Exercise instructions:
Everything in the records below must be repeated exactly, except the pictures.

Data listing:
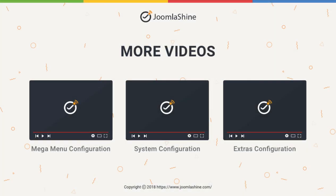Thank you for watching. Please check our other videos to learn more about how to work with the JSN Sun Framework.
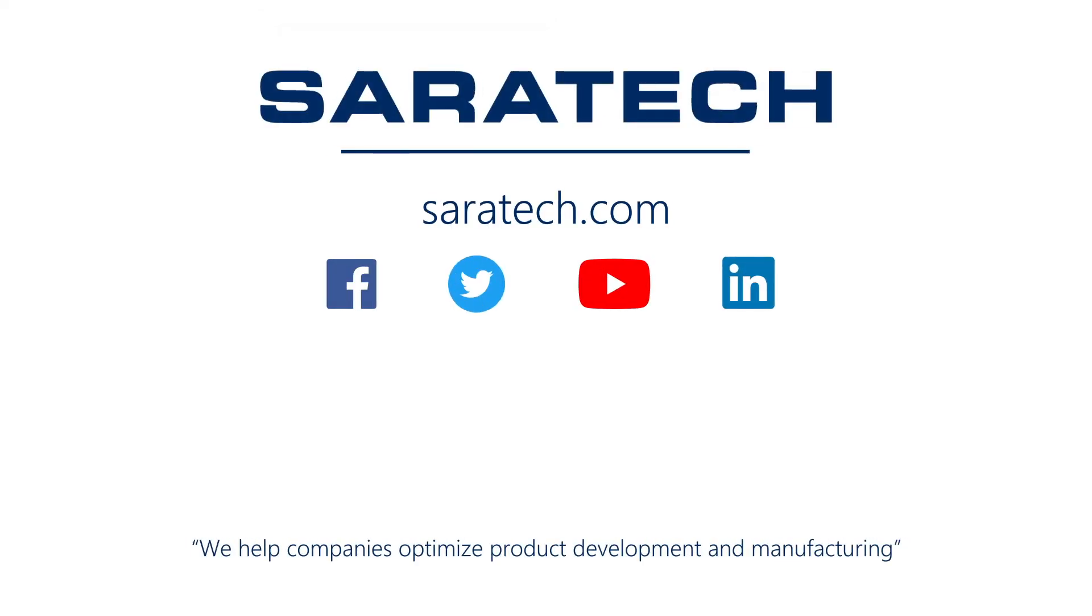Thanks for checking out our channel. If you like what you saw, make sure to like and subscribe down below so you don't miss out on any new videos. Follow us on LinkedIn, Facebook, and Twitter for the latest engineering news and information. And to see all of our upcoming events, please visit our website at ceratec.com slash events.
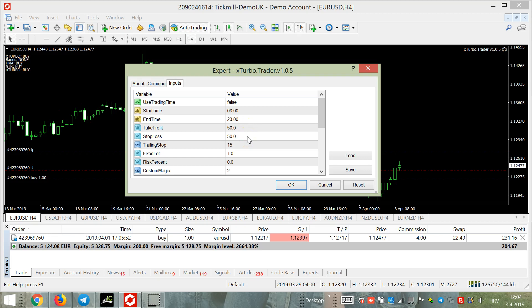Let's look at the expert advisor properties on the four-hour time frame. I put 50 pips for take profit, 50 pips stop loss, and trailing stop activation at 50 pips. For lot size, you can put any size you want depending on your balance, or you can set a percentage — for example, two percent.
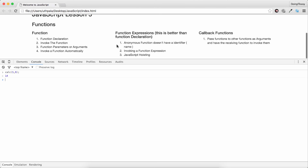An anonymous function doesn't have an identifier. We call it an anonymous function when it doesn't have an identifier — the identifier being the name of the function.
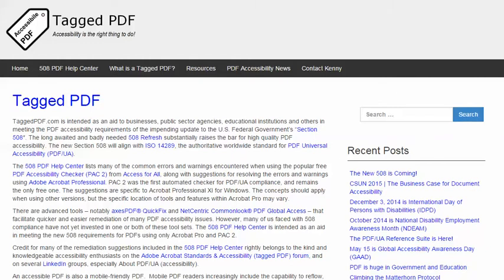Hello, this is Kenny Moore from TaggedPDF.com, continuing a series of short tutorials intended to help optimize PDF documents for assistive technology and mobile device users by meeting the new PDF accessibility requirements of the 508 refresh.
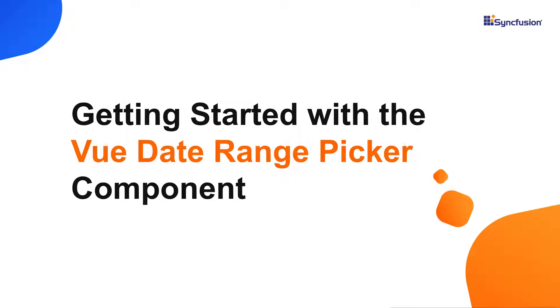Hi everyone, welcome to this video tutorial on how to create and configure the Syncfusion Vue date range picker using the Vue CLI command and the Syncfusion ej2-vue-calendars package.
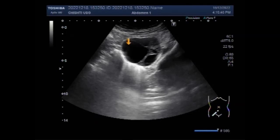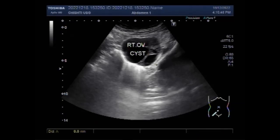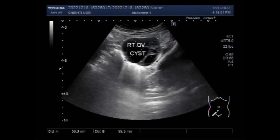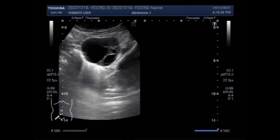Molar pregnancy is when there is a problem with the fertilized egg, which means a baby and a placenta do not develop the way they should after conception. A molar pregnancy will not be able to survive. You can see the multiseptate right ovarian cysts — multiple septa are also seen.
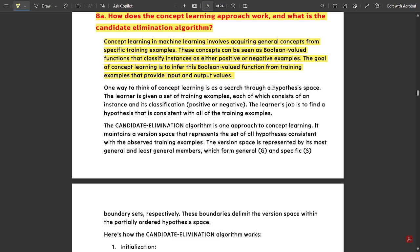One way to think of concept learning is as a search through hypothesis space. The hypothesis space is very important — certain predictable instances are provided to a machine, and the machine is given certain hypotheses that should be tested. The learner is given a set of training examples, each consisting of an instance and its classification — either positive or negative, that is either yes or no, for that particular task.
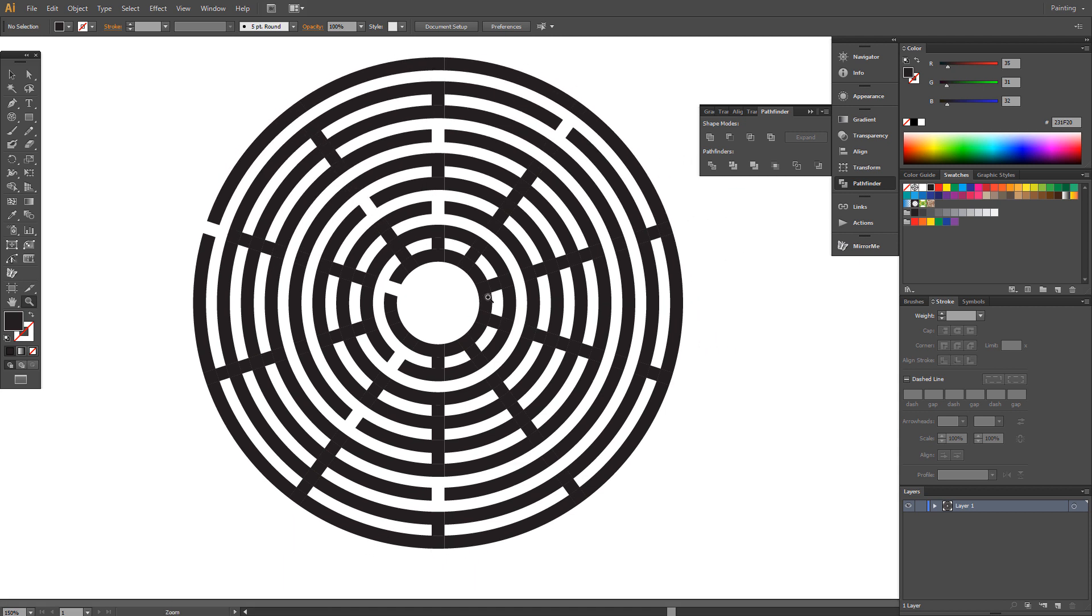This is very simple maze with very easy solution. To make it more difficult, we have to remove more squares. So choose Direct Selection tool and remove.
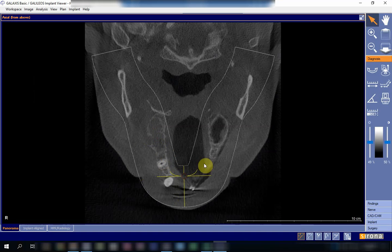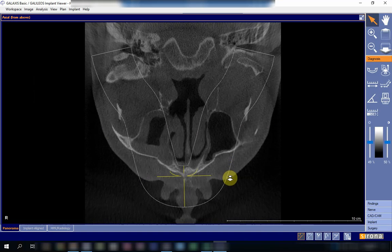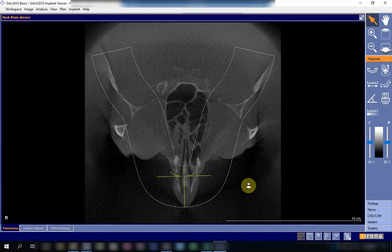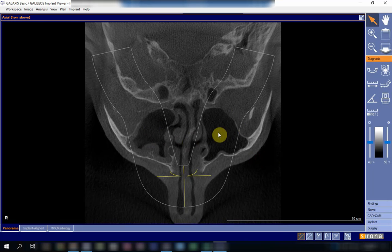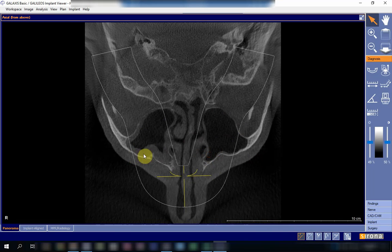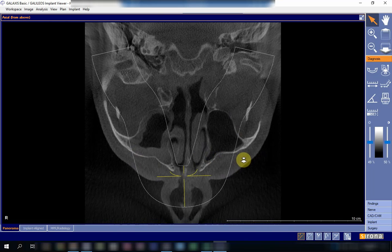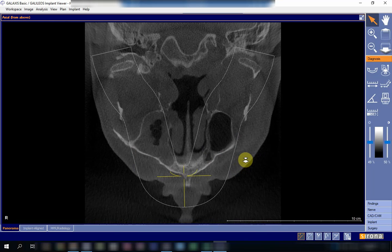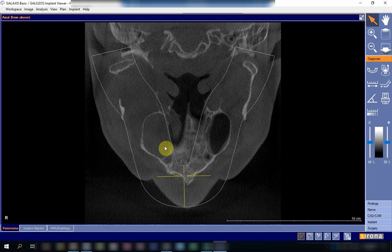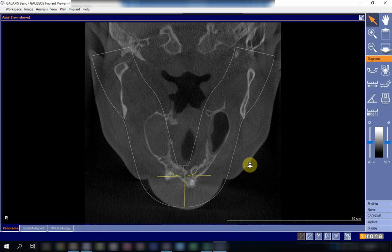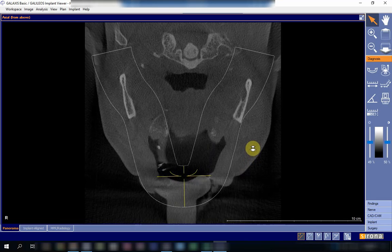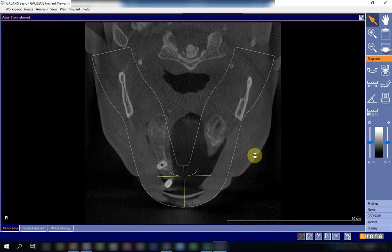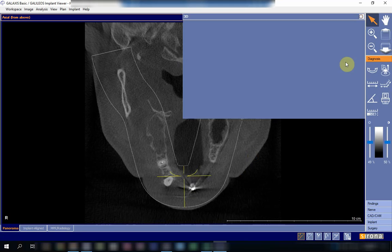Now let's look at the axial view, starting from the superior surface and going downward. At first, both sinuses appear normal, aside from a small possible mucosal polyp on the anterior wall. Going down further, comparing both sides, the mucosal lining on the affected side becomes almost completely obliterated in this region — all blocked — due to the oral antral communication.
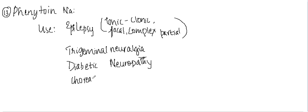There are also cardiovascular uses, like it is used mainly for arrhythmias. So what arrhythmias is it used for?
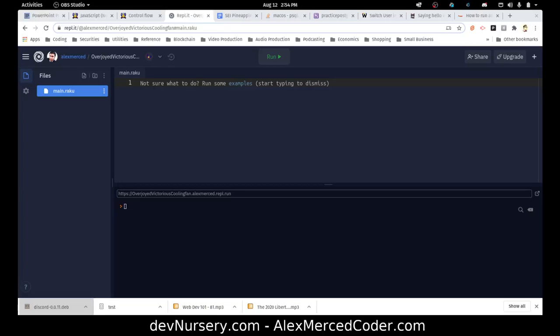Hey everybody, this is Alex Merced from AlexMercedCoder.com and this is my first of several videos on the programming language Raku.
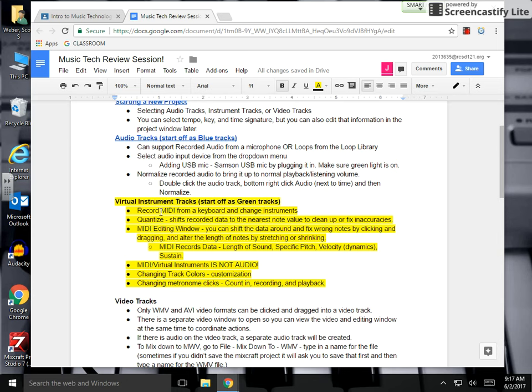Okay, this next review video will cover aspects of virtual instrument tracks. We're going to talk about recording MIDI data using the keyboard at your workstation.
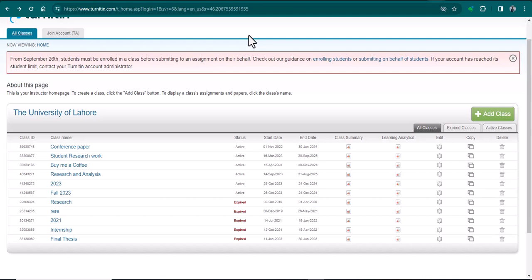Turnitin has recently changed the procedure for submitting student documents. You can see this is my Turnitin screen, and here it is mentioned that now students must be enrolled in the class before submitting an assignment on their behalf.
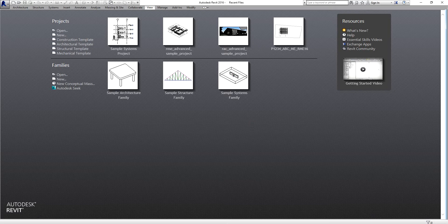Good day everyone, this is Richard again for another edition of Learning with Rich. Today's lesson is about creating and modifying section and elevation views in Revit 2016.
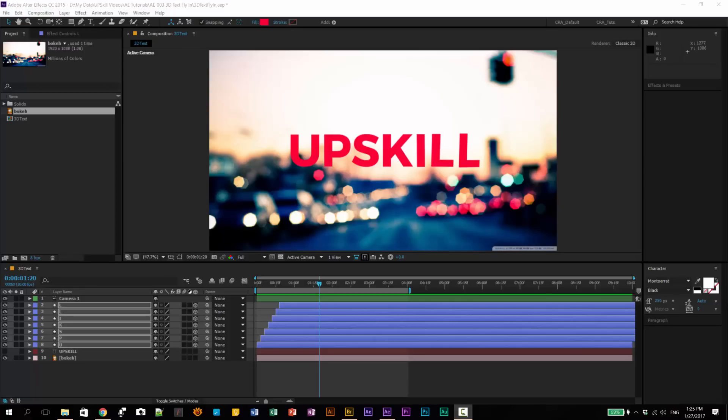Hi guys, what's up? Charlie Aquino here from Upskill Videos and welcome to a brand new After Effects tutorial.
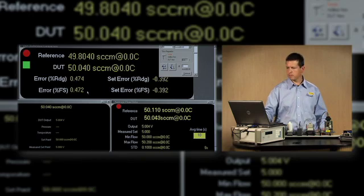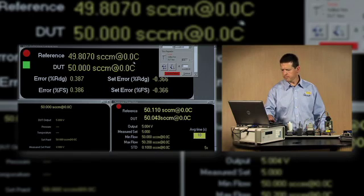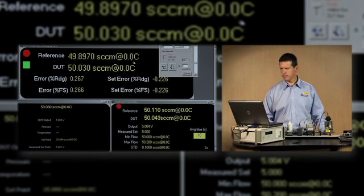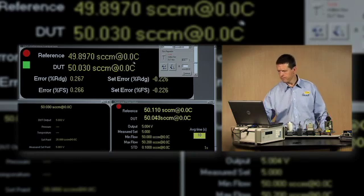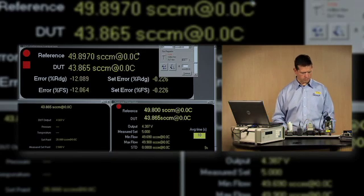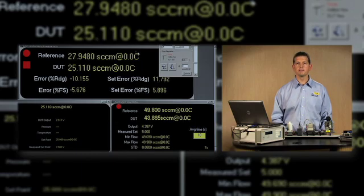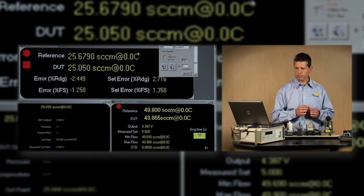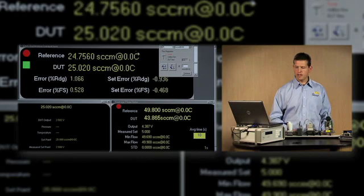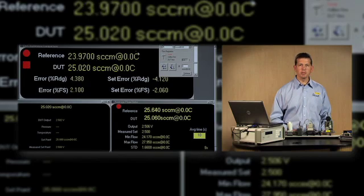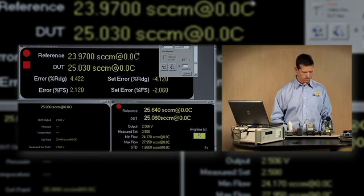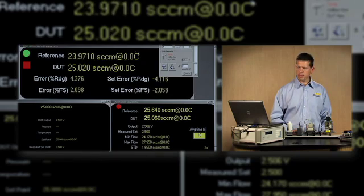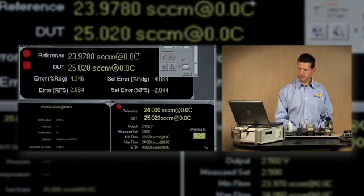Next we have to check the 50% point, which is 25 sccm. We'll enter that into Compass and again give it some time to stabilize. As always, the more time you can give it for stabilization, the better your data and more repeatable your adjustments are going to be. At these very low flows, it tends to take additional time.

Response to this task:
Thank you for watching. Please check our other videos to learn more about how to work with the JSN Sun Framework.
Thanks for checking out our channel. If you like what you saw, make sure to like and subscribe down below so you don't miss out on any new videos. Follow us on LinkedIn, Facebook, and Twitter for the latest engineering news and information. And to see all of our upcoming events, please visit our website at ceratec.com slash events.
Let's look at the expert advisor properties on the four-hour time frame. I put 50 pips for take profit, 50 pips stop loss, and trailing stop activation at 50 pips. For lot size, you can put any size you want depending on your balance, or you can set a percentage — for example, two percent.
An anonymous function doesn't have an identifier. We call it an anonymous function when it doesn't have an identifier — the identifier being the name of the function.
Hello, this is Kenny Moore from TaggedPDF.com, continuing a series of short tutorials intended to help optimize PDF documents for assistive technology and mobile device users by meeting the new PDF accessibility requirements of the 508 refresh.
Hi everyone, welcome to this video tutorial on how to create and configure the Syncfusion Vue date range picker using the Vue CLI command and the Syncfusion ej2-vue-calendars package.
Molar pregnancy is when there is a problem with the fertilized egg, which means a baby and a placenta do not develop the way they should after conception. A molar pregnancy will not be able to survive. You can see the multiseptate right ovarian cysts — multiple septa are also seen.
One way to think of concept learning is as a search through hypothesis space. The hypothesis space is very important — certain predictable instances are provided to a machine, and the machine is given certain hypotheses that should be tested. The learner is given a set of training examples, each consisting of an instance and its classification — either positive or negative, that is either yes or no, for that particular task.
This is very simple maze with very easy solution. To make it more difficult, we have to remove more squares. So choose Direct Selection tool and remove.
Now let's look at the axial view, starting from the superior surface and going downward. At first, both sinuses appear normal, aside from a small possible mucosal polyp on the anterior wall. Going down further, comparing both sides, the mucosal lining on the affected side becomes almost completely obliterated in this region — all blocked — due to the oral antral communication.
There are also cardiovascular uses, like it is used mainly for arrhythmias. So what arrhythmias is it used for?
Hey everybody, this is Alex Merced from AlexMercedCoder.com and this is my first of several videos on the programming language Raku.
Okay, this next review video will cover aspects of virtual instrument tracks. We're going to talk about recording MIDI data using the keyboard at your workstation.
Turnitin has recently changed the procedure for submitting student documents. You can see this is my Turnitin screen, and here it is mentioned that now students must be enrolled in the class before submitting an assignment on their behalf.
Good day everyone, this is Richard again for another edition of Learning with Rich. Today's lesson is about creating and modifying section and elevation views in Revit 2016.
Hi guys, what's up? Charlie Aquino here from Upskill Videos and welcome to a brand new After Effects tutorial.
Next we have to check the 50% point, which is 25 sccm. We'll enter that into Compass and again give it some time to stabilize. As always, the more time you can give it for stabilization, the better your data and more repeatable your adjustments are going to be. At these very low flows, it tends to take additional time.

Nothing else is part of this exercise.